======== Working data ========
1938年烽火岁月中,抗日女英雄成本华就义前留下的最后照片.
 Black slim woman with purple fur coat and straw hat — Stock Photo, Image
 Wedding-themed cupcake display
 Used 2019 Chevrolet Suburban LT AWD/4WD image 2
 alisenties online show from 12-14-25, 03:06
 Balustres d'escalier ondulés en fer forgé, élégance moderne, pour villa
========
Work instructions:
Taking the line containing "Used 2019 Chevrolet" as the first, please return it and every line after it through the end of the entries, exactly and only those.

Result for this task:
 Used 2019 Chevrolet Suburban LT AWD/4WD image 2
 alisenties online show from 12-14-25, 03:06
 Balustres d'escalier ondulés en fer forgé, élégance moderne, pour villa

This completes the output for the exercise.